As a junior in high school in the late 1960's, I wanted to take the mechanical drawing class. Sorry, I was told. That class was just for boys. A boy who dared to be interested in taking home ec would probably have known better than to even ask.
Forty years later, things have changed so much that songs and skits about gender equality seem almost beside the point. Still, the show was great fun. Two newborn babies tried to figure out which of them was the boy and which was the girl. A dainty young thing's cry of "ladies first!" backfired when she and her classmates met a group of hungry tigers in the jungle. A strong-minded princess didn't wait to see which young man would win her hand; she entered the competition right along with them.
Gender equality? Absolutely. Let's hear it for female astronauts, diaper-changing dads, and teachers, doctors, and presidents of either sex. It makes the world a better place.
Of course, "equal" doesn't mean "identical." We were reminded of this during the "Free To Be" intermission. A little boy came down the aisle with a manly four-year-old swagger and what seemed to be a growth sprouting from his face. It was a snap-type clothespin, clipped between his upper lip and his nose.

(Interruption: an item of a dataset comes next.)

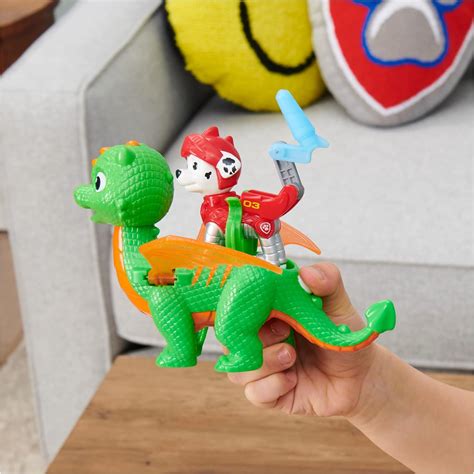 Buy Paw Patrol Rescue Knights Marshall And Dragon Jade Action Figures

Why? Who knows? Maybe he was pretending it was an elephant's trunk, or maybe he just wanted to walk around looking as if he had a booger on steroids. Whatever his reason, it was definitely male. Walking around with a clothespin on her face is something a little girl just wouldn't do.
Certainly not the little girls who came to my daughter's face-painting booth at the children's fair last week. One of them, especially, was dressed all in dainty pink from her shiny shoes to her hair ribbons to her frilly tutu. My daughter asked what design she wanted on her face, expecting a pretty butterfly or some delicate flowers. The little pink princess said, "I want to be a vampire."
Thank goodness for a world where little girls in pink tutus are allowed to be vampires on the side. And where we assume a little boy will grow up knowing his way around the laundry room—but in the meantime he is free to find utterly little-boy uses for the clothespins.